R.I.P. Pontiac: Saying Goodbye To An American Brand

November 8, 2010
Bob Ingrassia and a Pontian LeMans Sport

Bob and his (former) car in 1999

Pontiac is dead.

General Motors announced last year it would phase out the brand as part of a huge restructuring plan. Kind of like a trapped animal chewing off its own leg in a desperate attempt to save itself.

The end officially came last week, when GM’s contracts with the remaining Pontiac dealers expired.

I’m not a motor head, but I’m sad to see Pontiac go away. I’ve got great memories of owning a 1971 Pontiac LeMans Sport convertible. I bought the car in the mid-1990s for $3,500 while I was living in Dallas. Single, no kids, disposable income … added up to the chance to drive a cool car for a few years. After I landed a job in New York City, I sold the car to a pal.

gto

When you think about how much investment went into building the Pontiac brand over the decades, it’s amazing to think all that equity will just vanish. Pontiac, launched as a brand in 1926, helped define the American muscle car era of the 1960s. Many aficionados consider the early GTOs the ultimate muscle cars.

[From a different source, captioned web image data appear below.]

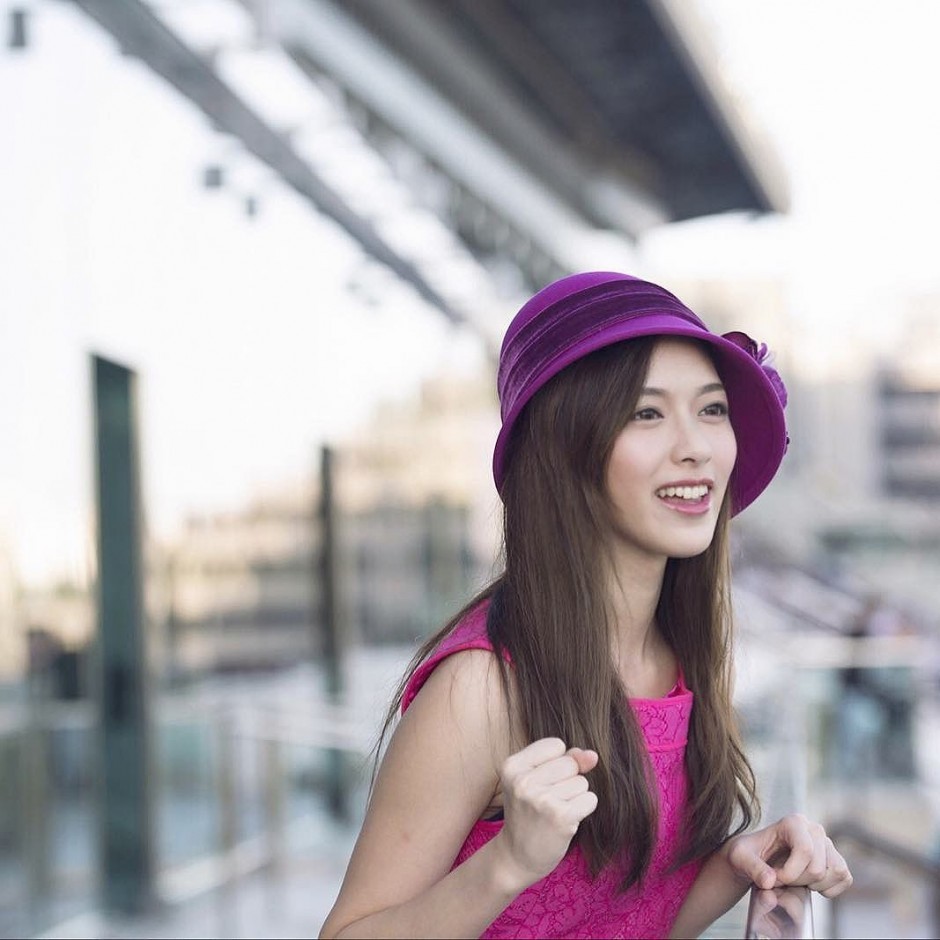 香港美女冯盈盈清纯写真图片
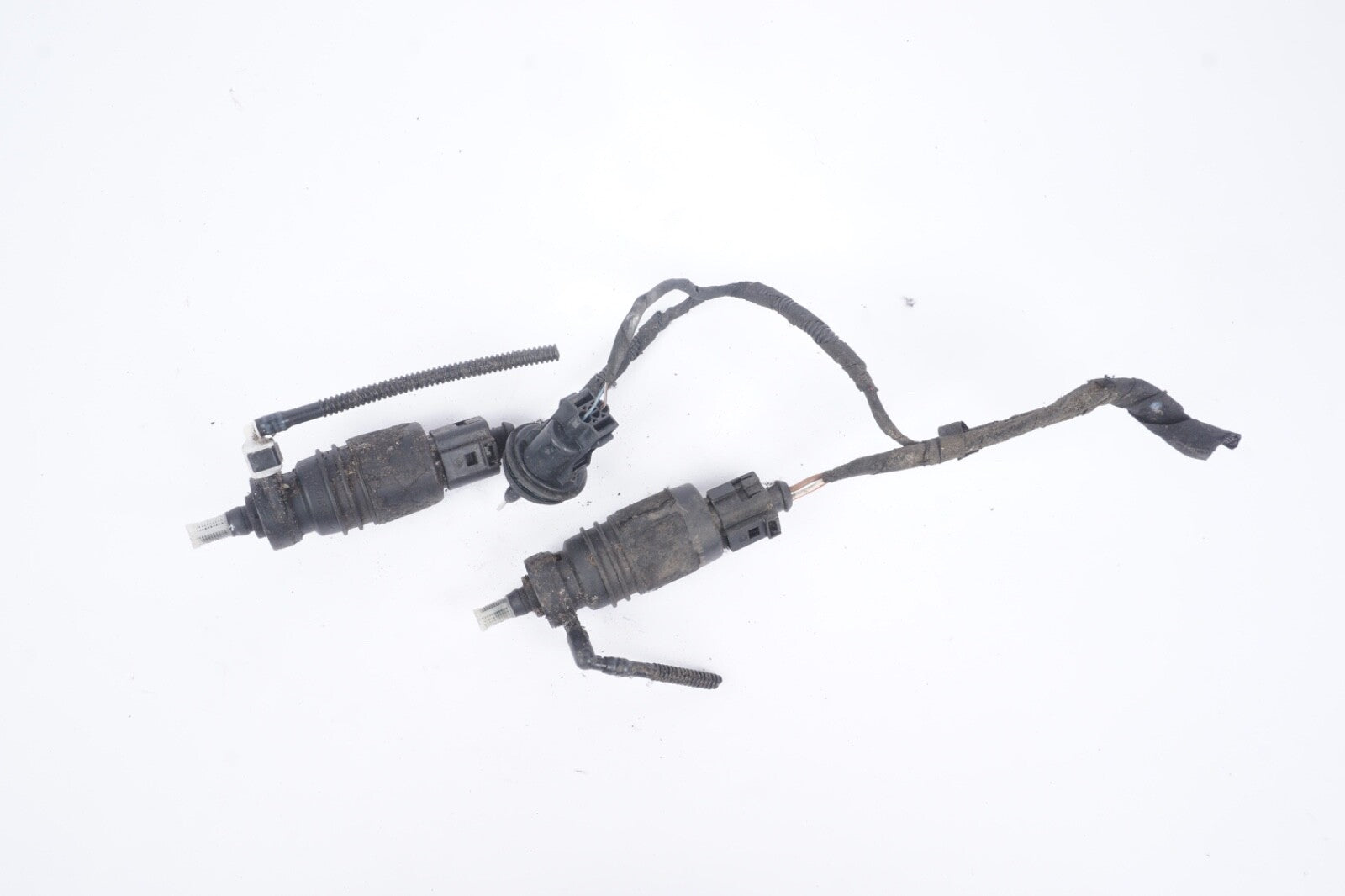2004 - 2010 AUDI A8 Windshield Washer Pump Motor Set of Two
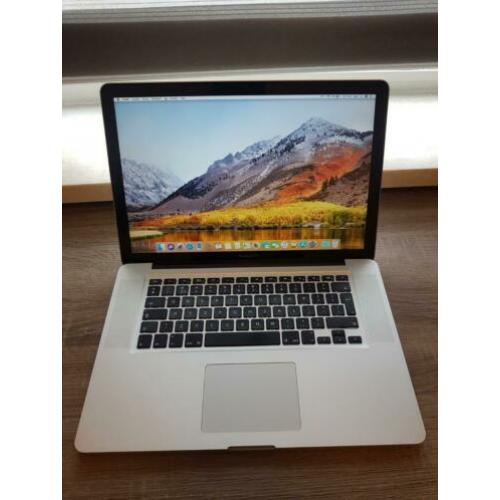 Apple macbook pro 15 inch i7 8GB 720GB HDD refurbished ?2011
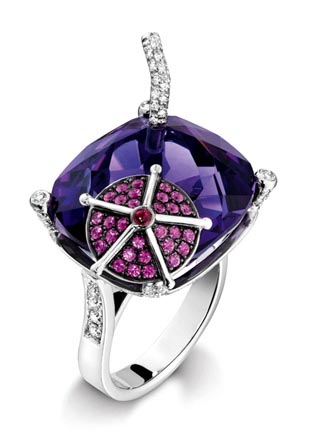 ݮ Piaget Limelight ϵ ʣ׽ʽиʯۺʯˮ
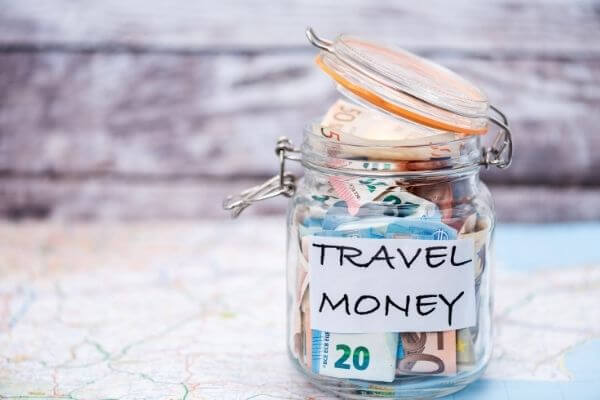 5 consejos para ahorrar dinero en viajes con un fondo de vacaciones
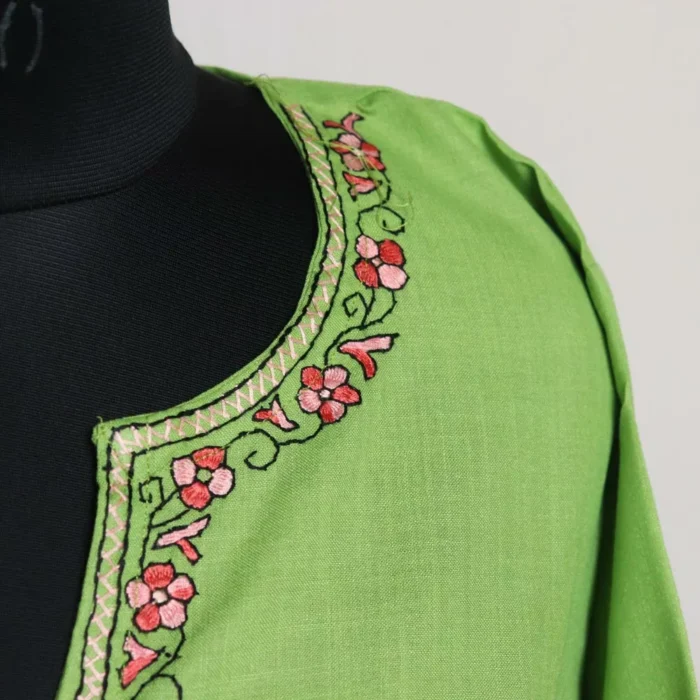 Green Summer Cotton Kurta with Kashmiri Sozni Handwork - Image 3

Smokey and the BanditPontiac was seared into the consciousness of young men of a certain age with the release of “Smokey and the Bandit” in 1977. The film, starring Burt Reynolds and Sally Field, featured a black Special Edition Trans Am that remains instantly identifiable nearly 25 years later.

Another memorable Pontiac relic is the slogan, “We Build Excitement.” I heard that one thousands of times — and the slogan sticks with me to this day.

Even the ill-fated Pontiac Fiero, manufactured from 1984 to 1988, won some converts. Check out this story from KARE11 to see how powerful a certain car and brand can be. It’s the story of a young man obsessed with restoring a Fiero — and the kind strangers who help out when tragedy strikes.

So goodbye, Pontiac. It was nice knowin’ ya.